It was a real pleasure and privilege to be able to go into their world, work with their submissives, photograph them en scène, and really learn about what they do.
Can you talk a bit about the work in the exhibition?
It’s the first body of paintings I’ve made in four years. It was really nice and startling to return to painting on canvas. I think working through the fairy tales has allowed me to move beyond the constructed narratives that go into my drawings. But the paintings are freer to just be what they are: portraits.
I’m showing portraits of ballet dancers and dominatrices interspersed with each other against light pink walls.

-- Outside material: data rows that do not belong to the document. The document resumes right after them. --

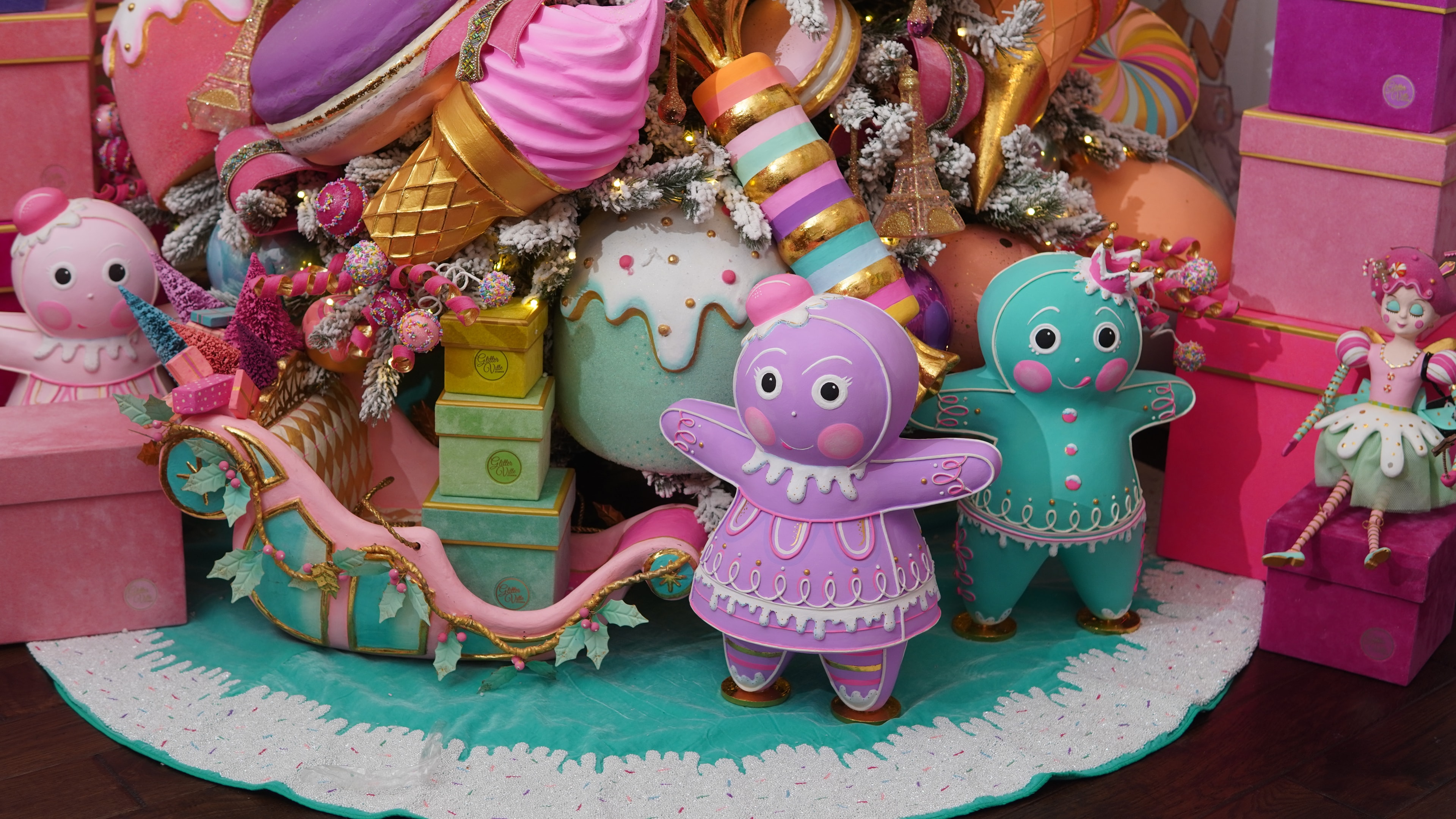 Sweet Trees — gingerbread character and base detail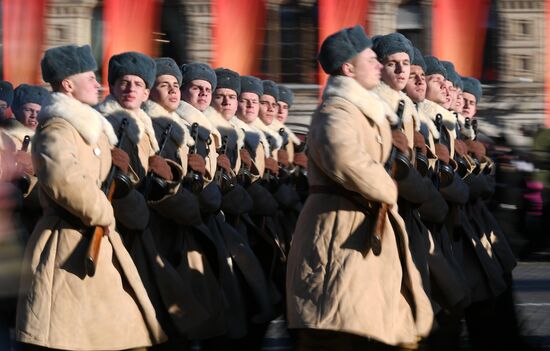 Репетиция  марша, посвященного 77-й годовщине парада 1941 года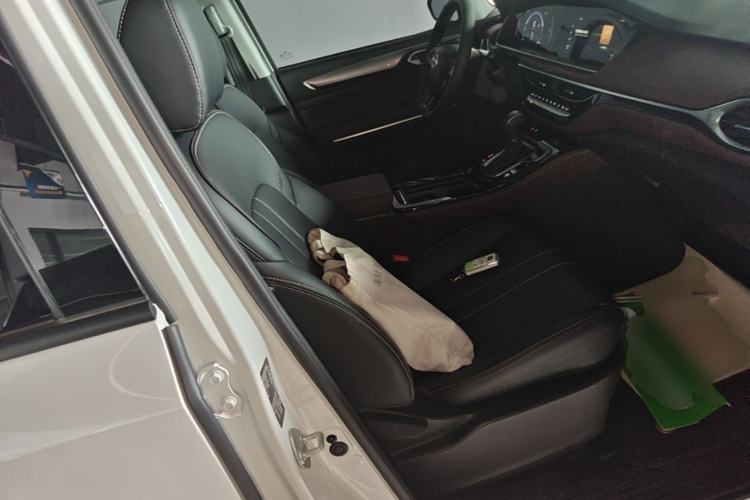 Used GAC Trumpchi M6 2023 PRO 270T DCT Luxury Edition Right Front Seat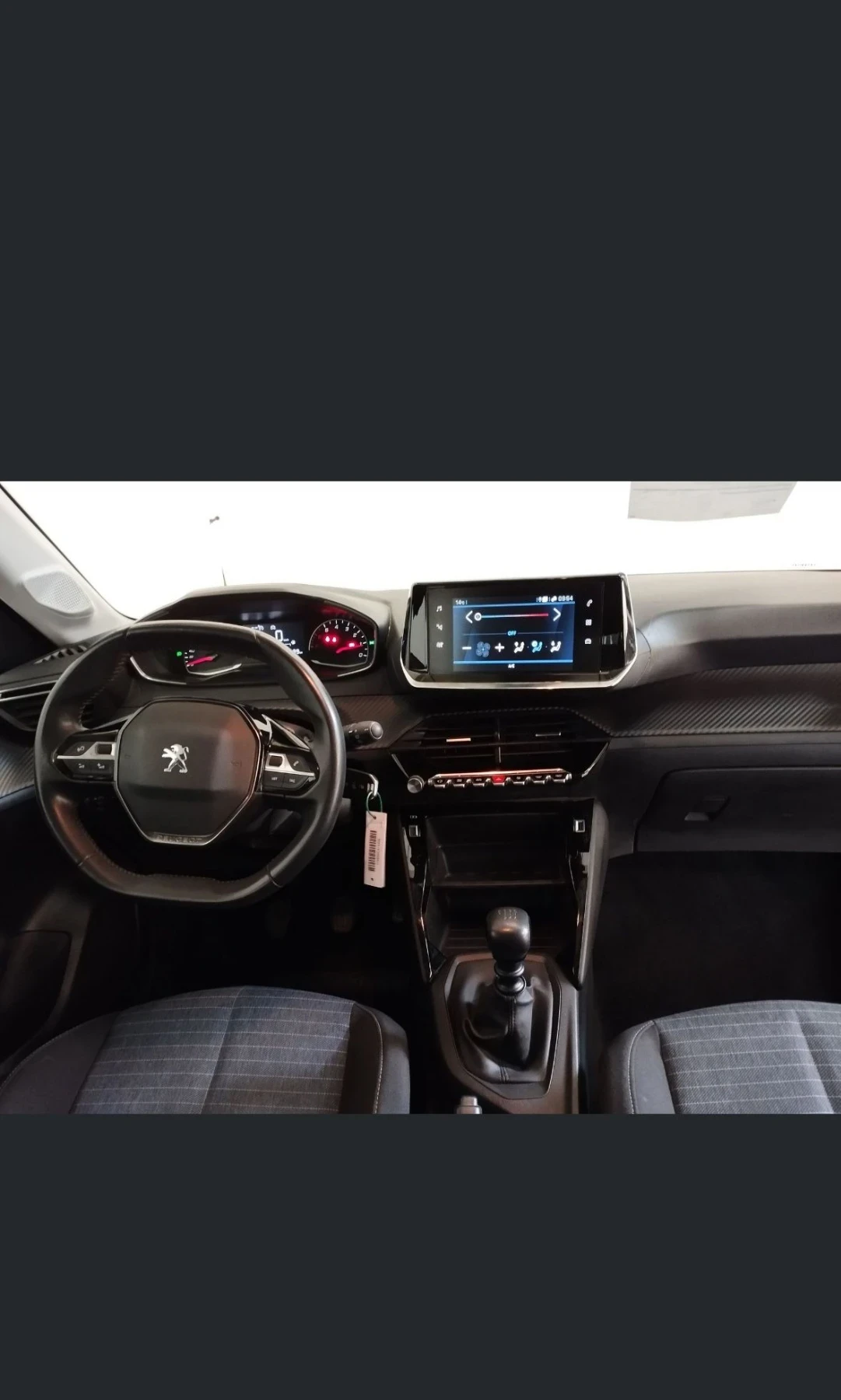 Peugeot 208  - изображение 6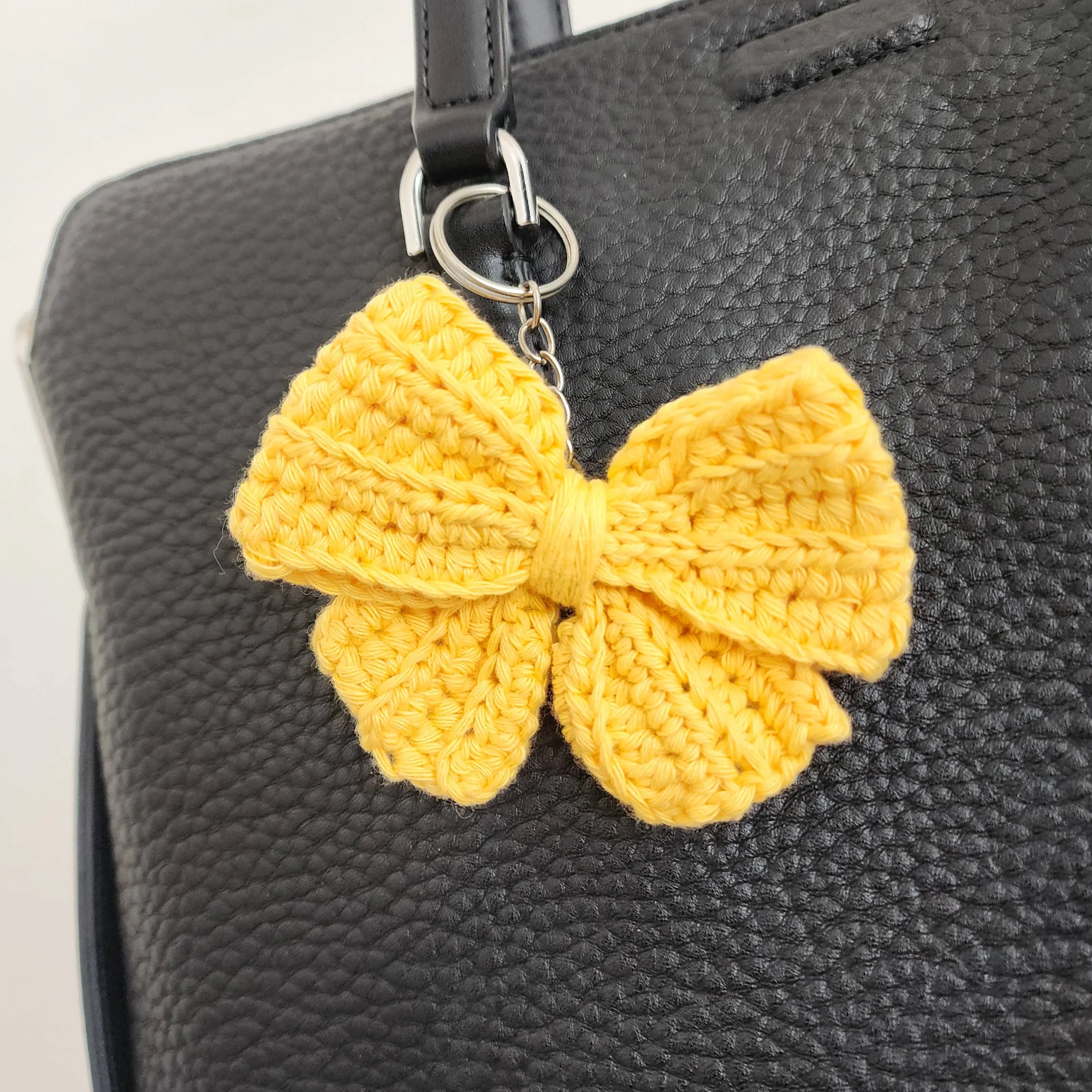 Elegant Bow Keychains – A Chic Handmade Statement WHOLESALE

The paintings from the two sets mirror each other in terms of color, movement, cropping, and gesture—juxtaposing both the contortions of the body and ideas of femininity.
I like the parallels and juxtapositions of the two groups of people, who use their bodies to tell stories: one considered very high art, and the other considered kind of secretive, a lower art with these connotations of degradation and debasement. I didn’t find that at all—hopefully I humanized both the dancers and the dominatrices in ways that went past our usual conceptions and cliches surrounding the women doing each practice.

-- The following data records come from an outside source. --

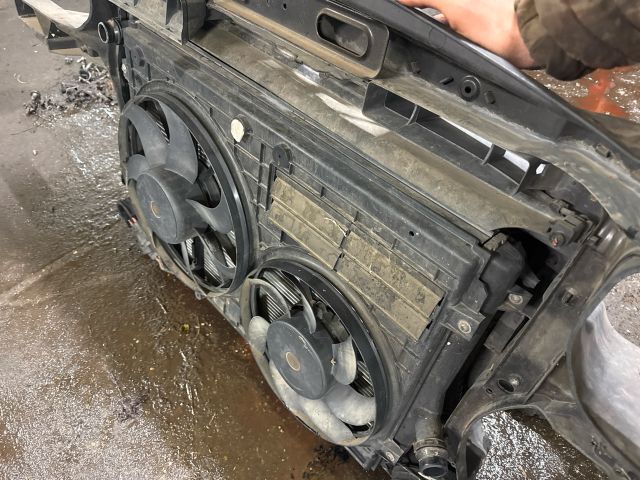 bontott VW TOURAN Komplett Homlokfal (Részeivel)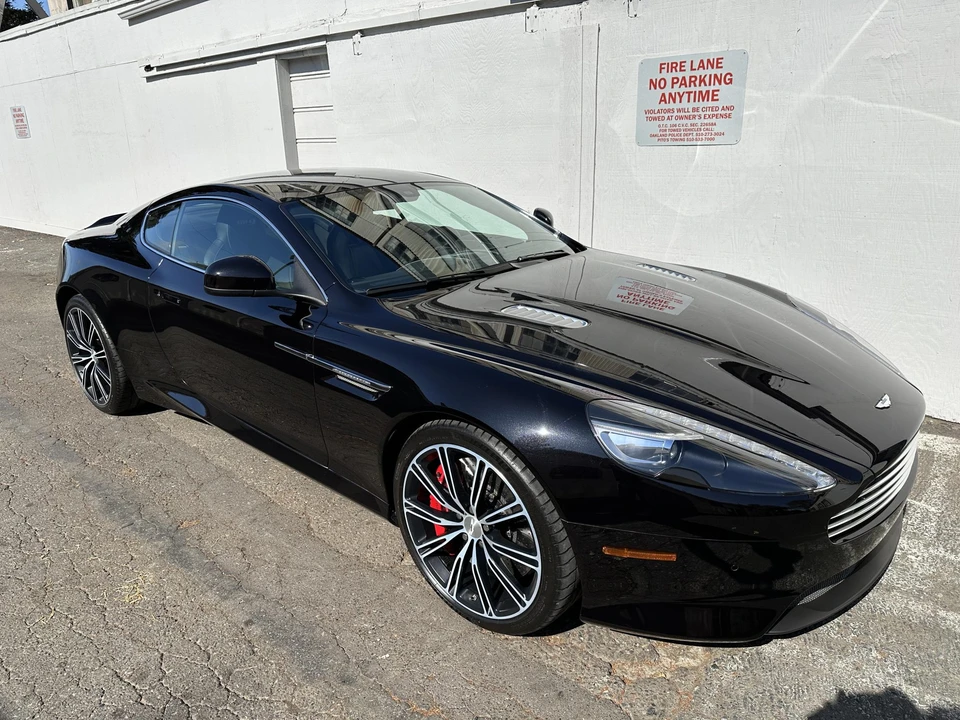 2014 Aston Martin DB9 - Image 17 of 31
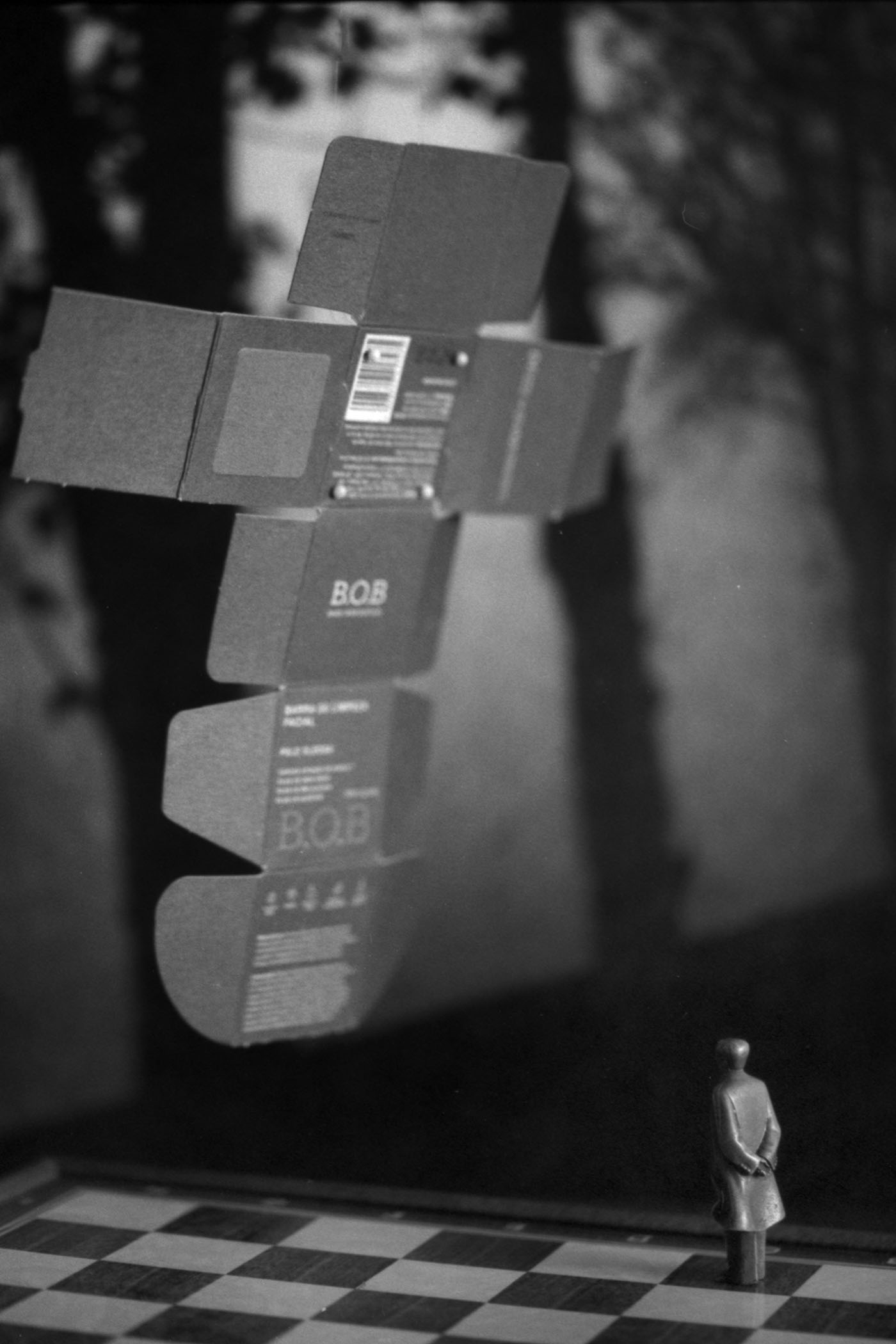 sporus ascendens (ashes to ashes)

It was quite a different experience photographing each group. The dancers really looked to me to find a pose for them, but with the dominatrices there was a definite assertion of control. Before going into the dungeons, I’d discuss things with the women. The minute we went inside, they became the dominatrix. They took direction, but it was a very significant shift in tone. When we were talking one-on-one, we were like girlfriends. But then we went into the room and it was very clear what the power structure was. It was pretty interesting to see.
I see a connection here with your “Tales of the Brothers Grimm” drawing series. There, you brought to light the often whitewashed darkness of the original fairy tales. Here, you’ve once again focused on sexuality and violence, pairing the dominatrix with dancers, who are thought of as more elegant and refined. Why are those themes so prevalent in your work?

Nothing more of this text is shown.